>>>>>

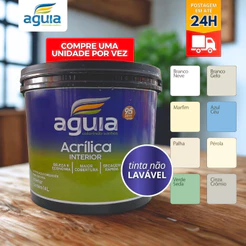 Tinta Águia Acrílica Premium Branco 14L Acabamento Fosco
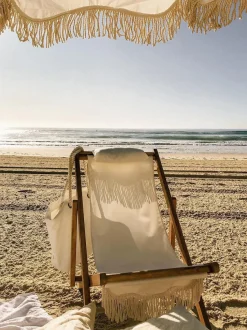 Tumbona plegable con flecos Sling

<<<<<
>>>>>

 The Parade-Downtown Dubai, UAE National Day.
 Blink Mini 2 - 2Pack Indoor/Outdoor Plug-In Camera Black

<<<<<

▶ WHAT IS BEING ASKED
Write out exactly the run of lines above that starts at the line containing "Tinta Águia Acrílica" and ends at the line containing "Tumbona plegable con flecos Sling". Include both, and leave the pictures out.

▶ WRITTEN ANSWER
 Tinta Águia Acrílica Premium Branco 14L Acabamento Fosco
 Tumbona plegable con flecos Sling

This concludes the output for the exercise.